Task goal »
Nothing but the lines below from the one that contains "Magnetic Black Buckle" through the one that contains "MISSUIT Damen Chunky" should be retyped, exactly and including both ends. Do not include pictures.

(Captioned web images)

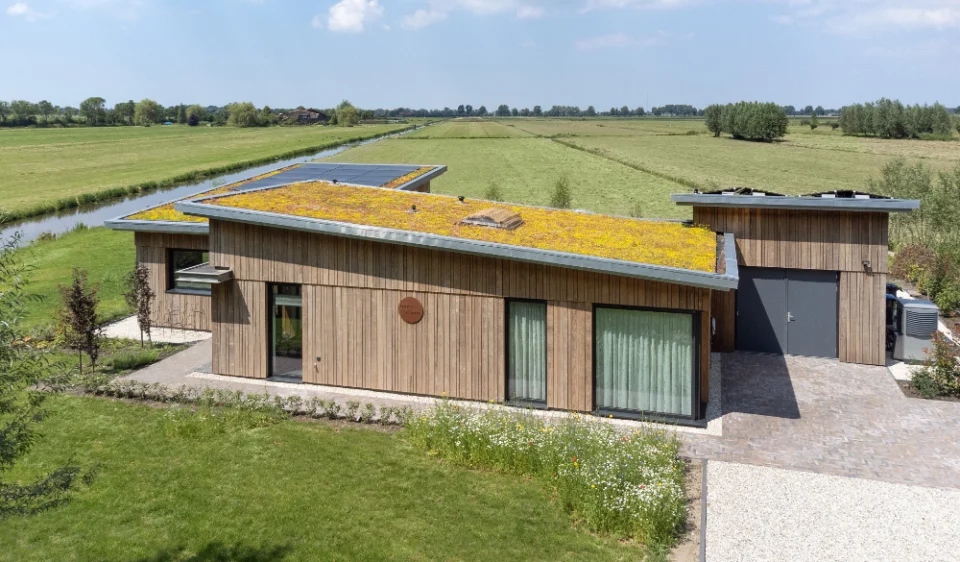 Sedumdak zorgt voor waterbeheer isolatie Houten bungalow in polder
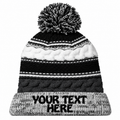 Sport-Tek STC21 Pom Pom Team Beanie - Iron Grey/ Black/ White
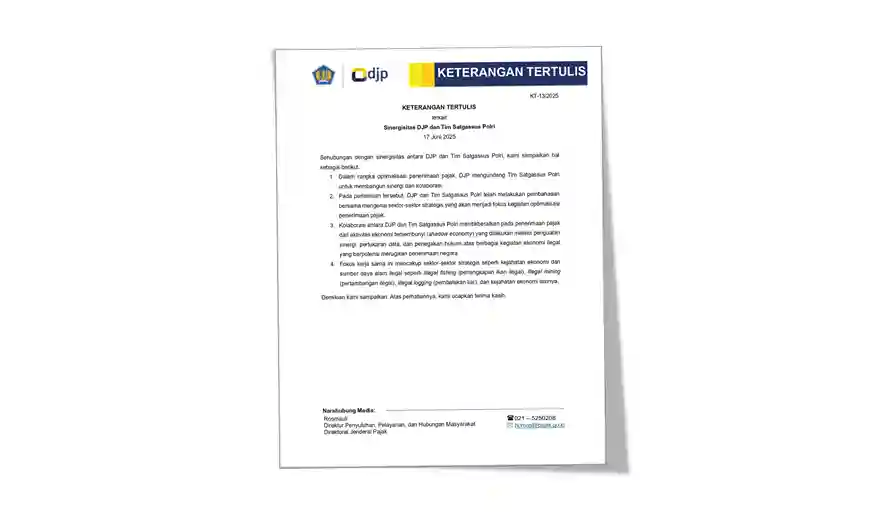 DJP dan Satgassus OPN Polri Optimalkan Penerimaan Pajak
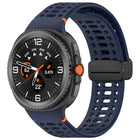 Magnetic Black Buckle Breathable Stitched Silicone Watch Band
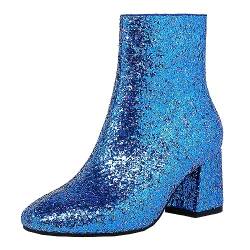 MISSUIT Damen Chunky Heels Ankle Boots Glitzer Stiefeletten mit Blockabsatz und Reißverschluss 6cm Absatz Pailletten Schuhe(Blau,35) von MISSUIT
---
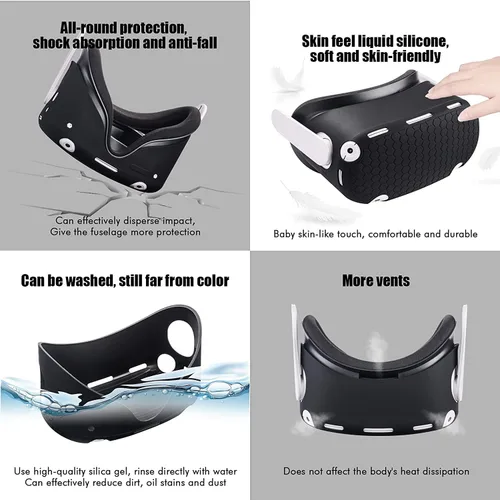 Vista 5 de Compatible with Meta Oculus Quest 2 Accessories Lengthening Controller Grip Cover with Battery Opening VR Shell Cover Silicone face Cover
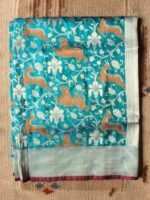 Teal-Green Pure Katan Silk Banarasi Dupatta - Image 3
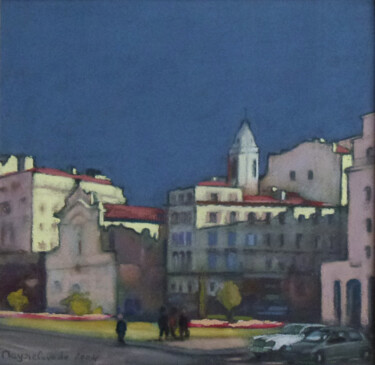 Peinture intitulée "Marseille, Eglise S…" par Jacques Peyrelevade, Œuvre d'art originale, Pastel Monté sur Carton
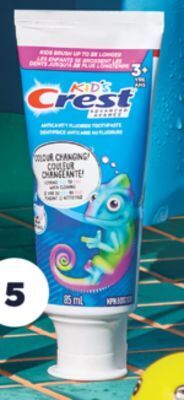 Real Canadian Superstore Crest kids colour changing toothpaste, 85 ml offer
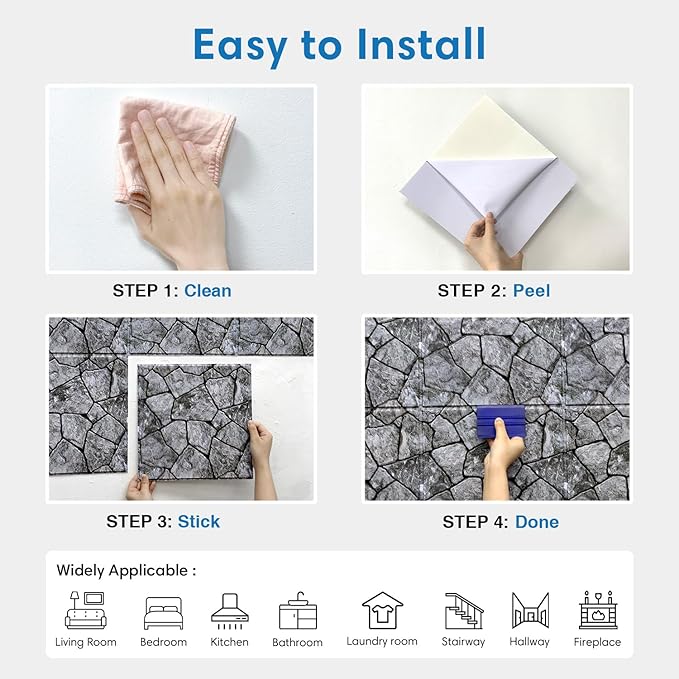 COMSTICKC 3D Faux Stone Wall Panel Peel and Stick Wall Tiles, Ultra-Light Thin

Response to the exercise »
 Magnetic Black Buckle Breathable Stitched Silicone Watch Band
 MISSUIT Damen Chunky Heels Ankle Boots Glitzer Stiefeletten mit Blockabsatz und Reißverschluss 6cm Absatz Pailletten Schuhe(Blau,35) von MISSUIT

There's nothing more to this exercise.